You have to give him credit. How many other rockNrollers have any kind of martial arts on their web pages?

Gene Gabel

:asian:


----------



## Charles Mahan (Jan 15, 2003)

What bothers me I think about the video is his use of what appear to mix koryu techniques with all the other stuff.  I disagree that he appears serious and focused.  Perhaps it wouldn't bother me so much if he wasn't using some elements of the style I've spent more than 5 years studying.

He clearly shows a lack of mastery of the basics.  That's why I said he looks like a 6 month student.  A lot of his problems appear to stem from the tsuka(handle) on that weapon which is a bout 3 inches longer than it should be.  That's tending to put his hands too far apart and that's messing up his cuts.


----------



## Rob_Broad (Jan 15, 2003)

Diamond Dave also has a Kenpo background!


----------



## Kirk (Jan 15, 2003)

> _Originally posted by Rob_Broad _
> *Diamond Dave also has a Kenpo background! *



Really?!?
EPAK? Tracy?


----------



## Rob_Broad (Jan 15, 2003)

> _Originally posted by Kirk _
> *Really?!?
> EPAK? Tracy? *



It has been under your nose all the time.  The Kenpo articles on your webpage has the answer.

http://www.blackbeltmag.com/archives/kki/1986/nov86/kenpo/kenpo.html


----------



## Kirk (Jan 15, 2003)

> Moreover, the art has richly blessed his family and has brought him close to dozens of Hollywood celebrities, including Elvis Presley, McDonald Carey, Bill Cosby, Robert Culp, and rock stars Billy Idol and David Lee Roth. But like a proud father, Parker would rather talk about how kenpo benefits his students. And he has no trouble citing examples when doing so.



Well I'll be damned!


----------



## tonbo (May 14, 2003)

Not all that bad, from what I can tell.  
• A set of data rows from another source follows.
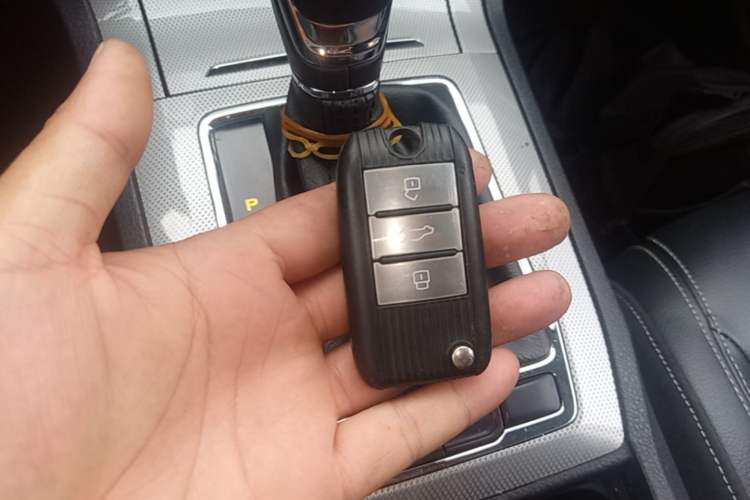 Used Roewe RX5 2020 20T Automatic 4G Connect Superior Flagship Edition Vehicle Key
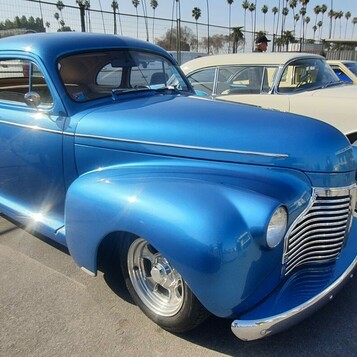 Niebieski Chevrolet Special Deluxe coupe z 1940 roku – przedwojenny street rod w metaliku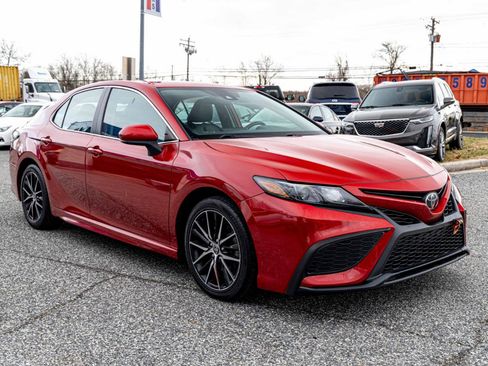 Used 2021 Toyota Camry SE image 8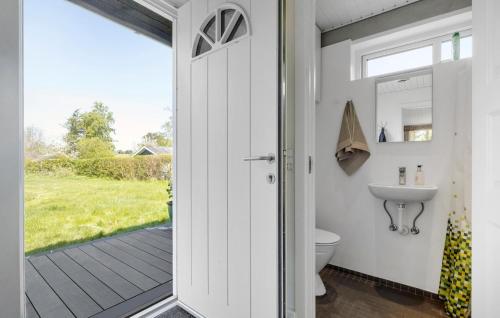 La salle de bains est pourvue de toilettes et d'un lavabo. dans l'établissement Awesome Home In Melby With Kitchen, à Melby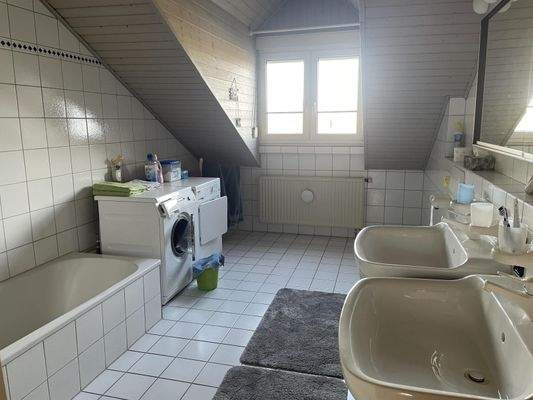 Bad mit Dusche und Badewanne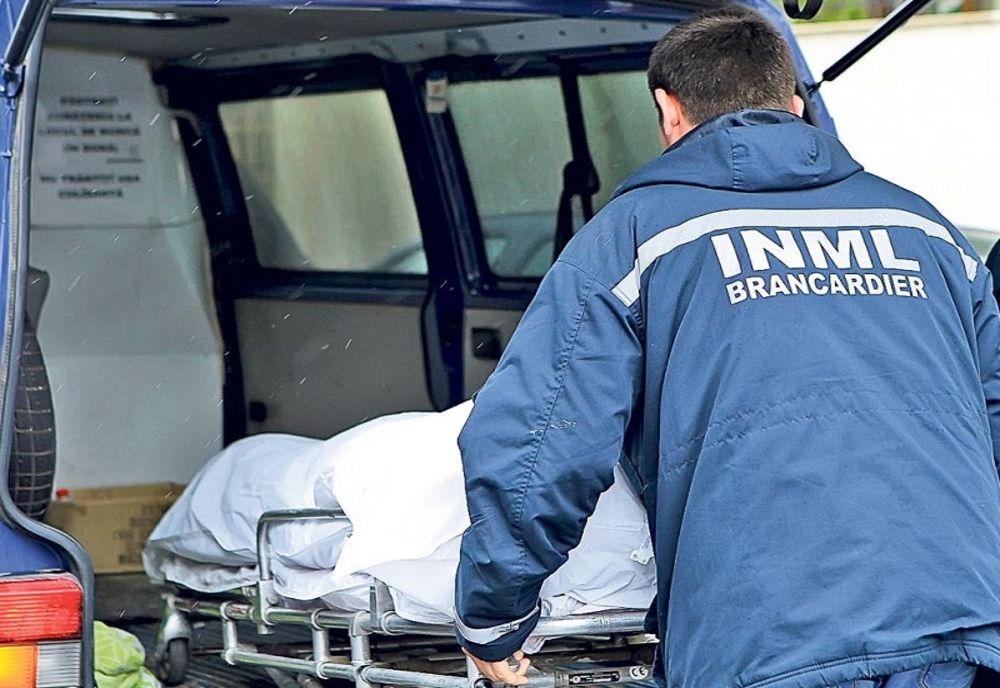 Un bărbat s-a întors beat de la o petrecere și s-a culcat. Familia l-a găsit fără suflare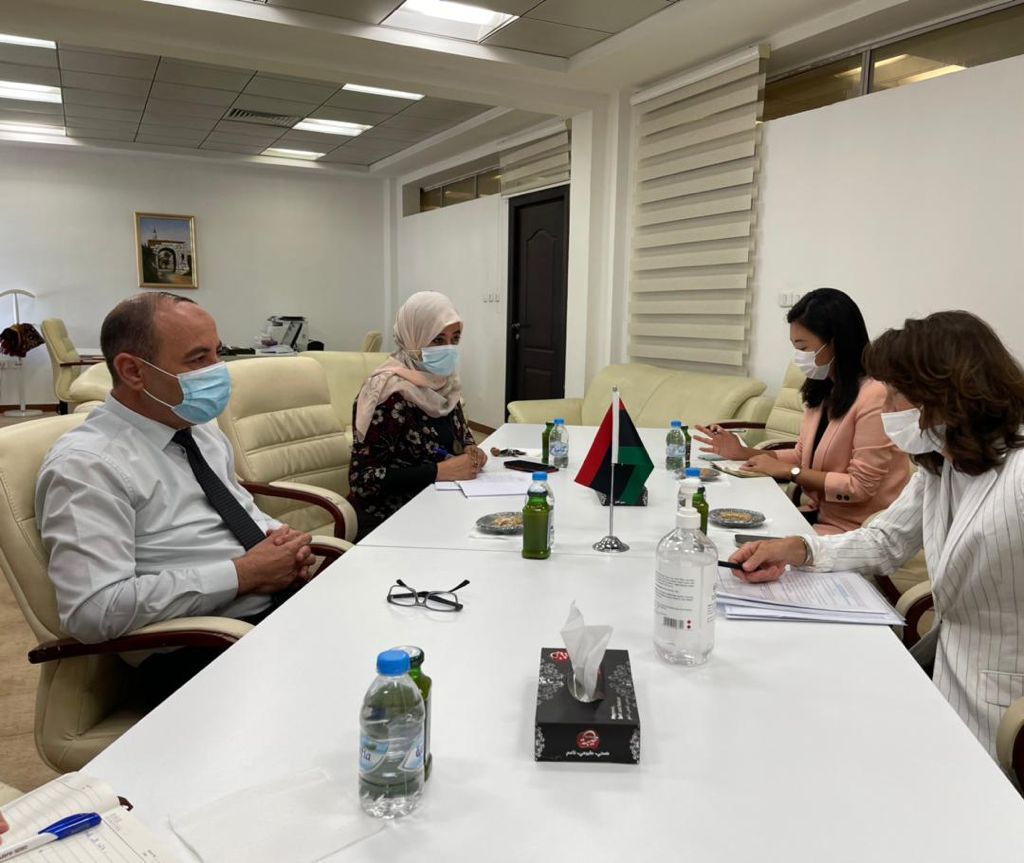 اجتماع تقابلي بين مدير إدارة الشؤون الخارجية والتعاون الدولي بمجلس والأمين العام المساعد للأمم المتحدة في ليبيا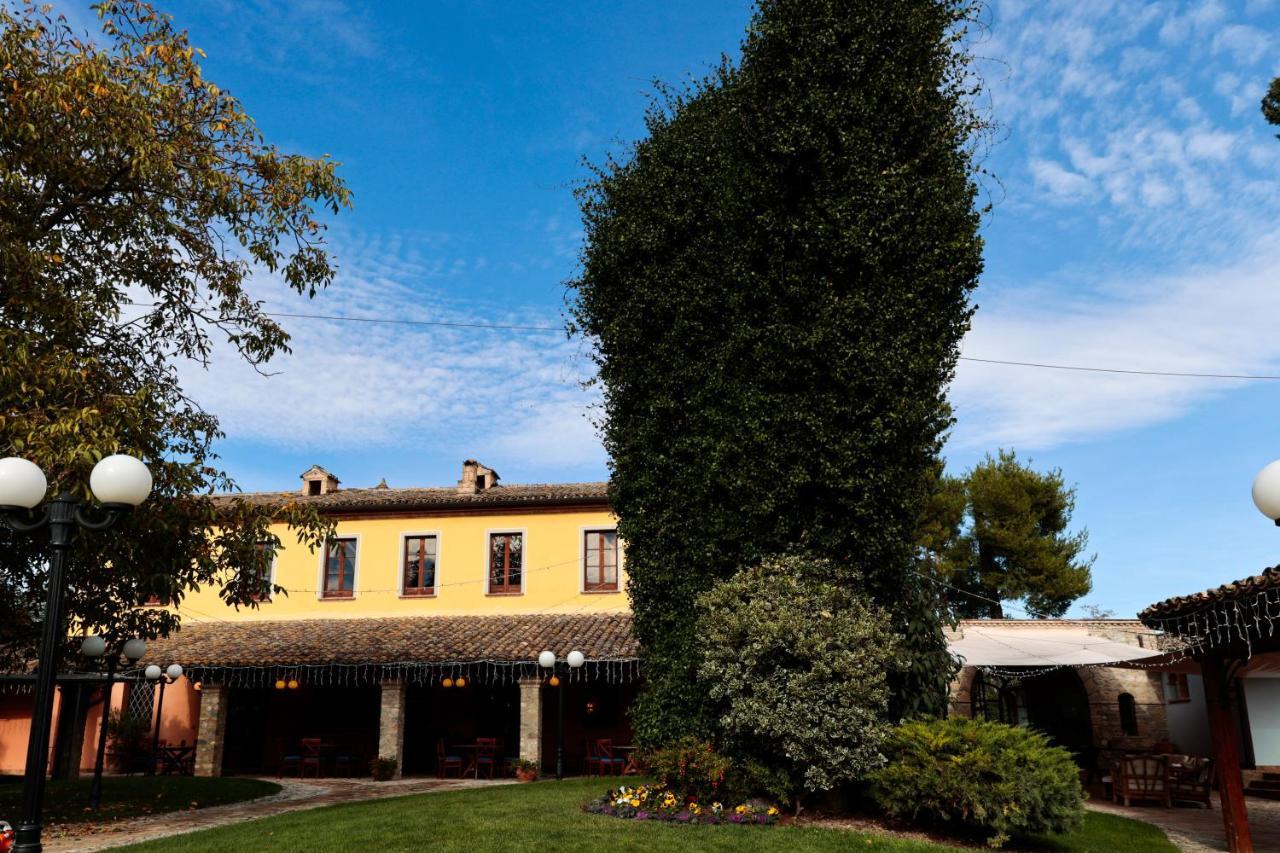 Hotel Corte Dei Tini Teramo Eksteriør billede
Yeah, it has its technical issues, but it's still pretty decent.

Anyone know where I can download a copy of that video for my personal files?

Thanks in advance!!

Peace--


----------



## Jill666 (May 14, 2003)

Yeah, I remember reading in Circus or somewhere years ago that DD "knows Karate". I thought it was cool.

Sammy who?


----------



## tonbo (May 14, 2003)

Actually, I gained a bit more respect for ol' Diamond Dave after I just did a quick search around on the net, trying to track down that video.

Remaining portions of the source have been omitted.